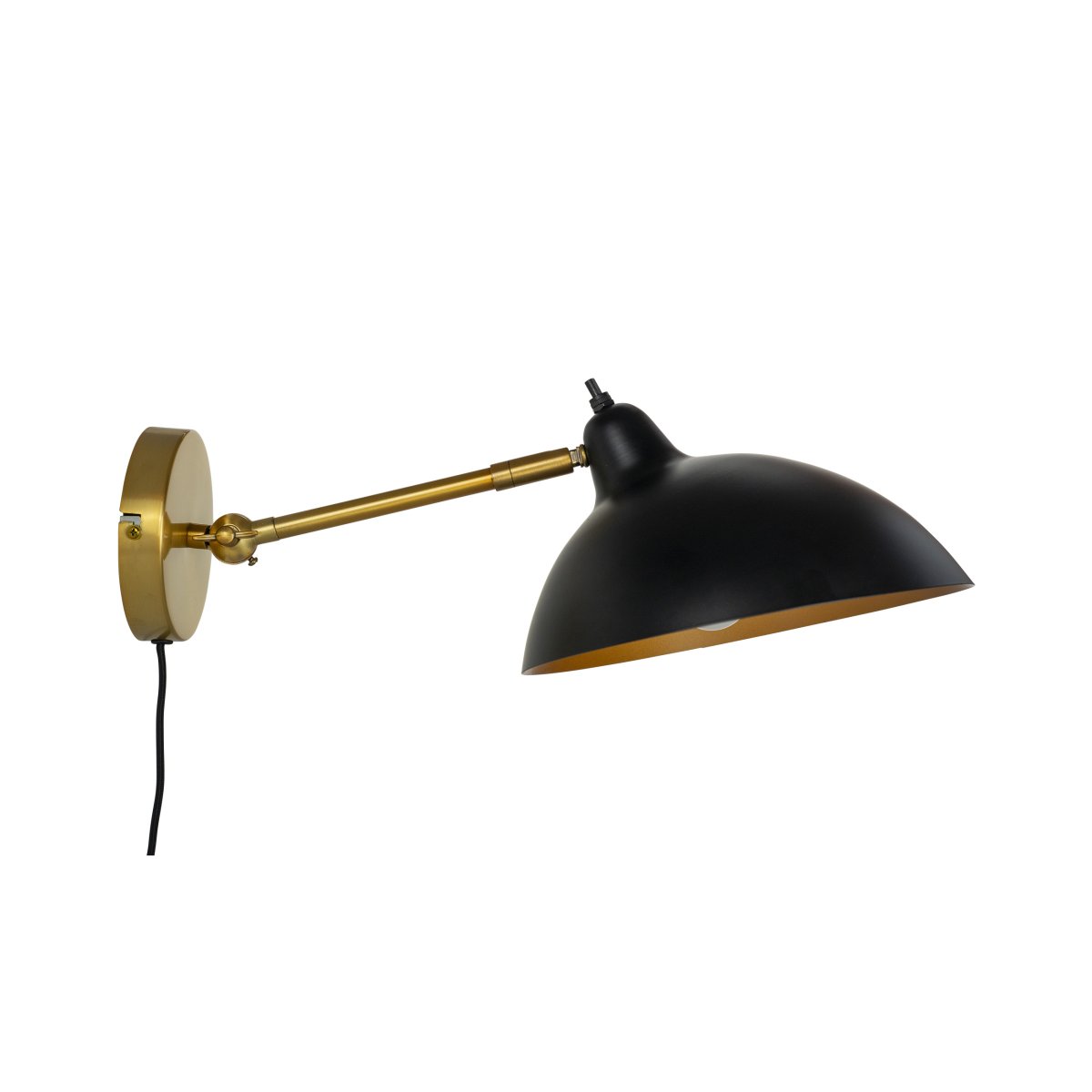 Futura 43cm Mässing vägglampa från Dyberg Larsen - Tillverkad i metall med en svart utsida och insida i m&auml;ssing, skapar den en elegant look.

□ □ □ □

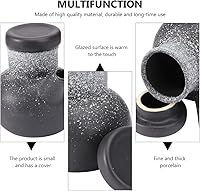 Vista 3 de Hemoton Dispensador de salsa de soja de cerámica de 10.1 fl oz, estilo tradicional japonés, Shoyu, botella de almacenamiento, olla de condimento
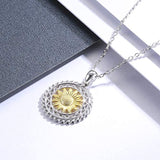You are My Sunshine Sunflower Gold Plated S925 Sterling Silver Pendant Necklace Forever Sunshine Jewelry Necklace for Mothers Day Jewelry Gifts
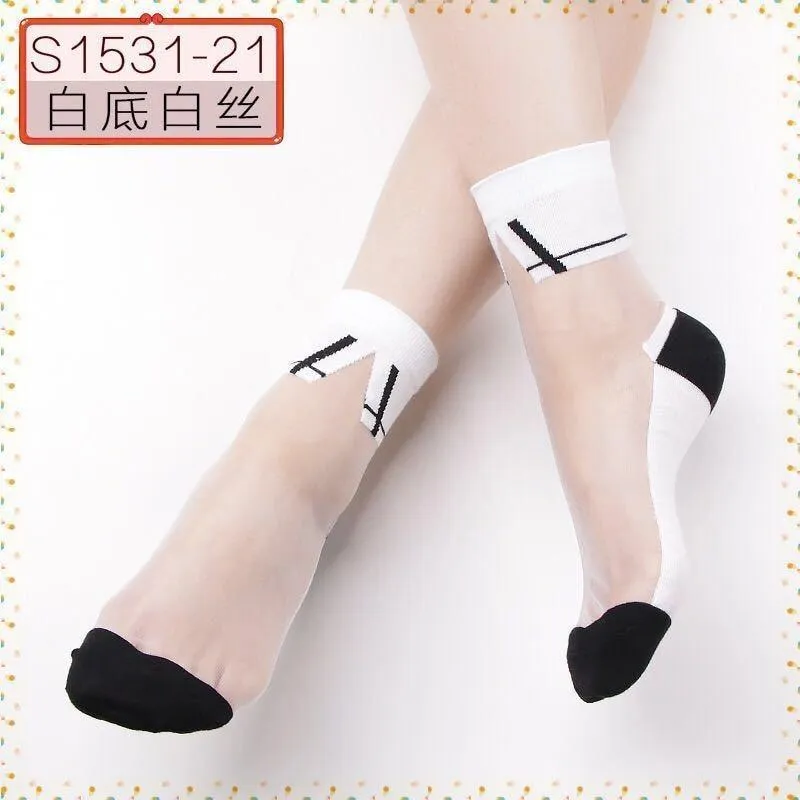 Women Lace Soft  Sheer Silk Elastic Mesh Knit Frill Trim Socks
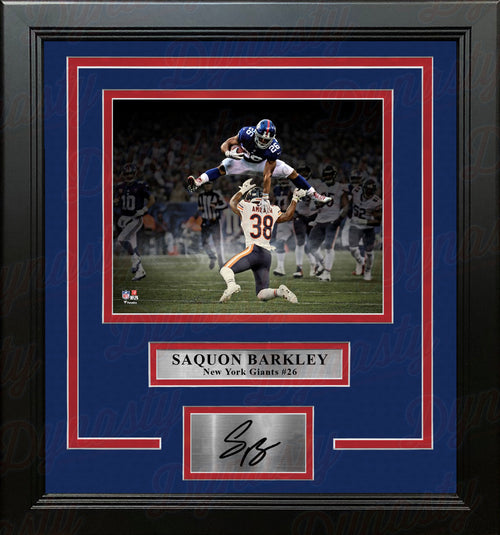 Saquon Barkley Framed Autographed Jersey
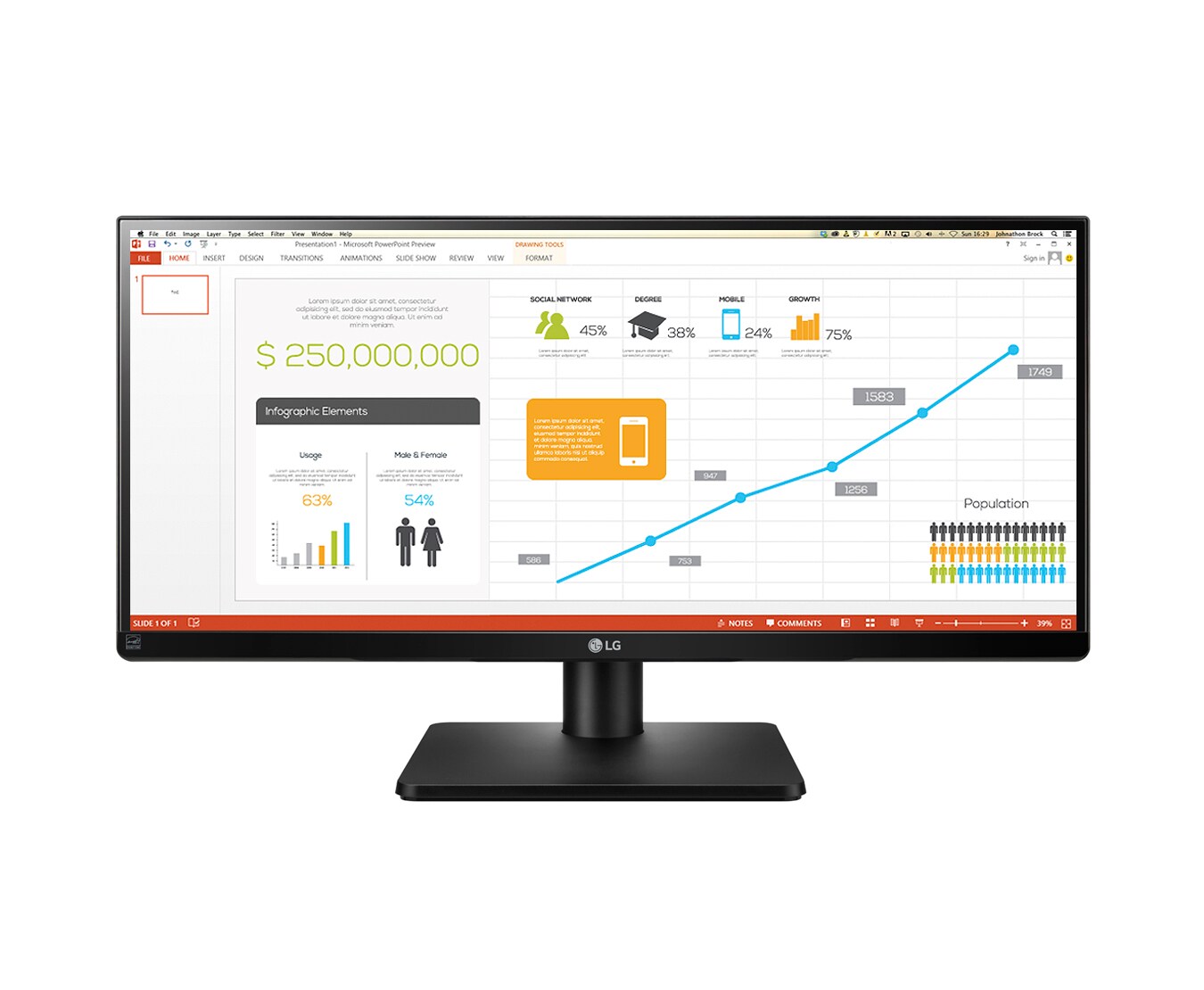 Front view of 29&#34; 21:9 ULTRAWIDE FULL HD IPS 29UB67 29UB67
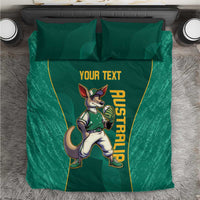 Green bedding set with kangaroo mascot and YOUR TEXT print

□ □ □ □

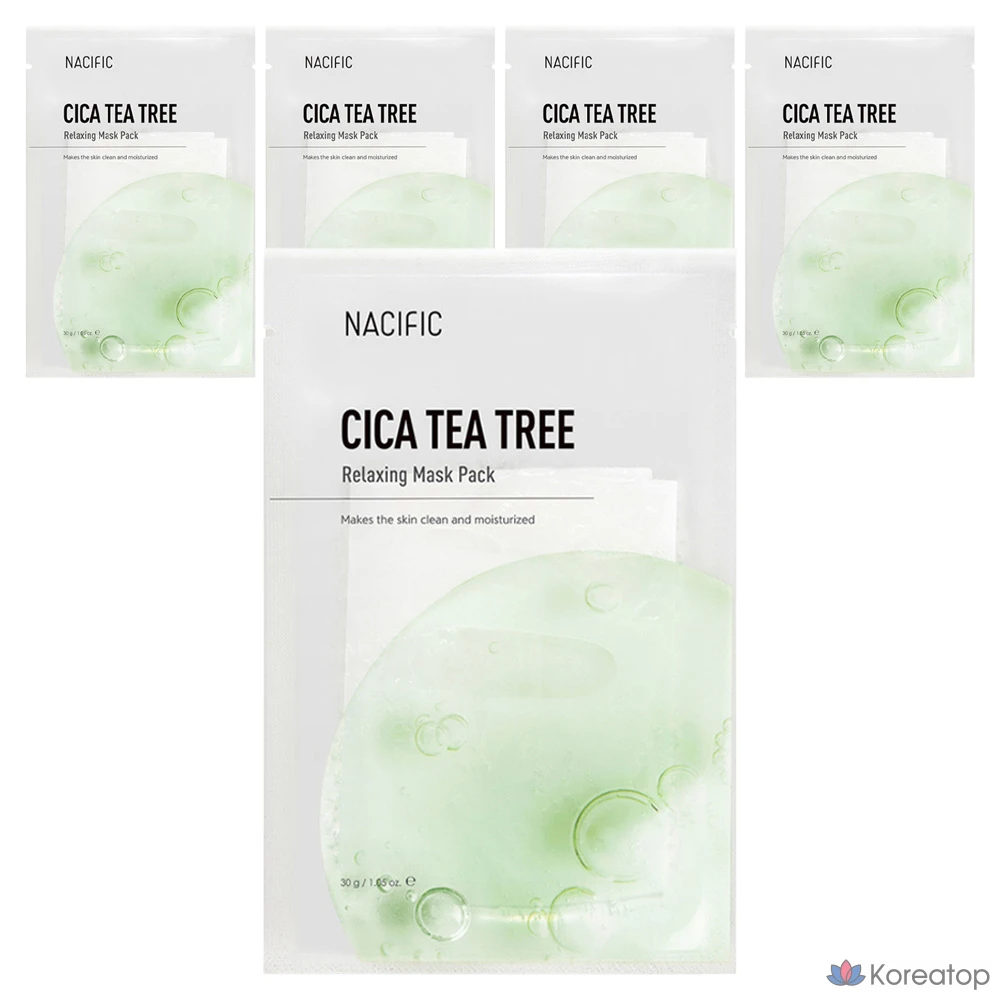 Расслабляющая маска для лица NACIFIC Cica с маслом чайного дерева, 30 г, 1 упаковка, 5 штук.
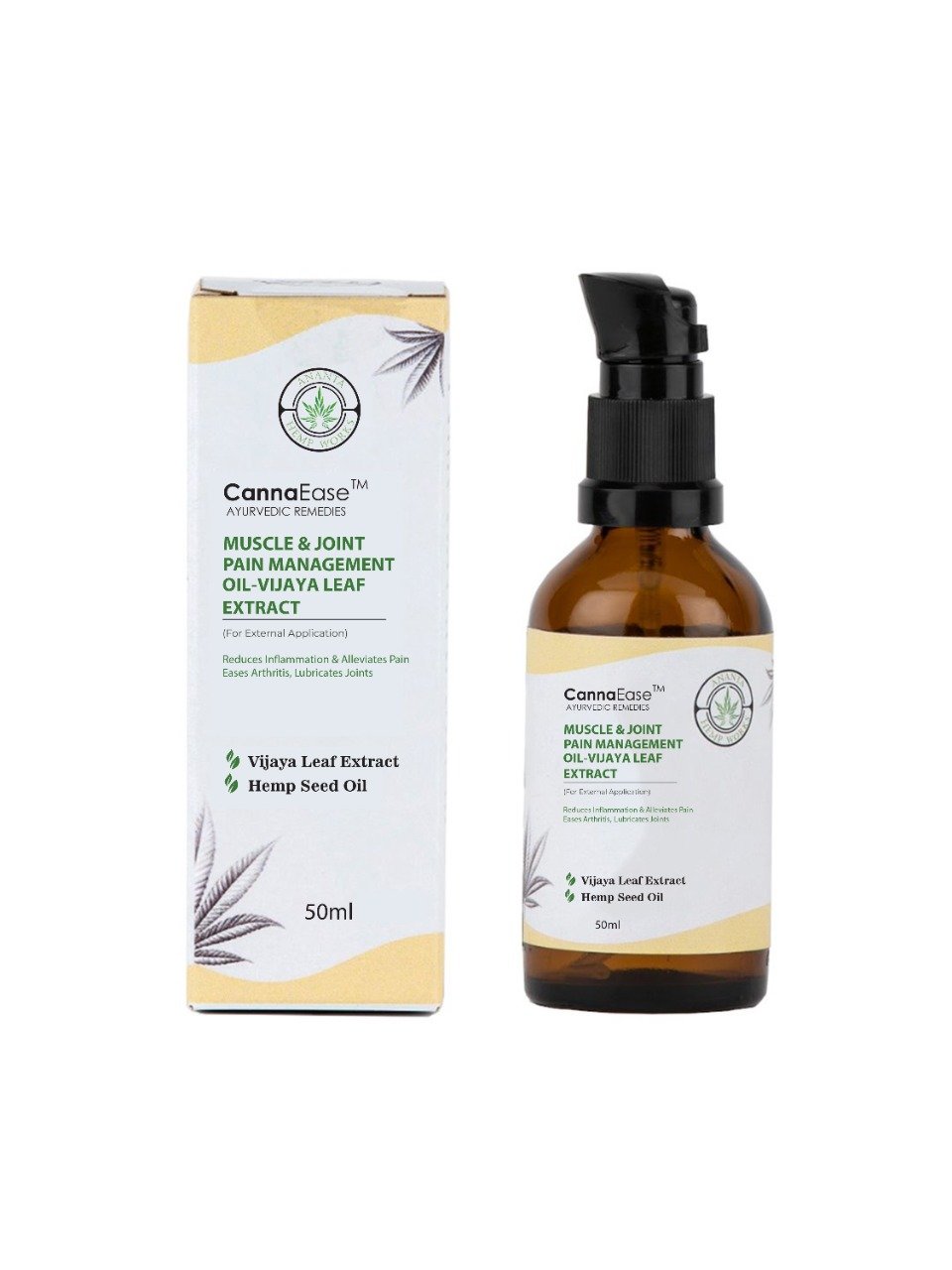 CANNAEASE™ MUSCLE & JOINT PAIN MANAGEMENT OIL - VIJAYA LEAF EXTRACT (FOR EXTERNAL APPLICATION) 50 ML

□ □ □ □

> **Assignment**
Copy exactly, without pictures, the lines above from the one with "You are My Sunshine" down to the one with "Green bedding set", inclusive.

> **Solution below**
You are My Sunshine Sunflower Gold Plated S925 Sterling Silver Pendant Necklace Forever Sunshine Jewelry Necklace for Mothers Day Jewelry Gifts
 Women Lace Soft  Sheer Silk Elastic Mesh Knit Frill Trim Socks
 Saquon Barkley Framed Autographed Jersey
 Front view of 29&#34; 21:9 ULTRAWIDE FULL HD IPS 29UB67 29UB67
 Green bedding set with kangaroo mascot and YOUR TEXT print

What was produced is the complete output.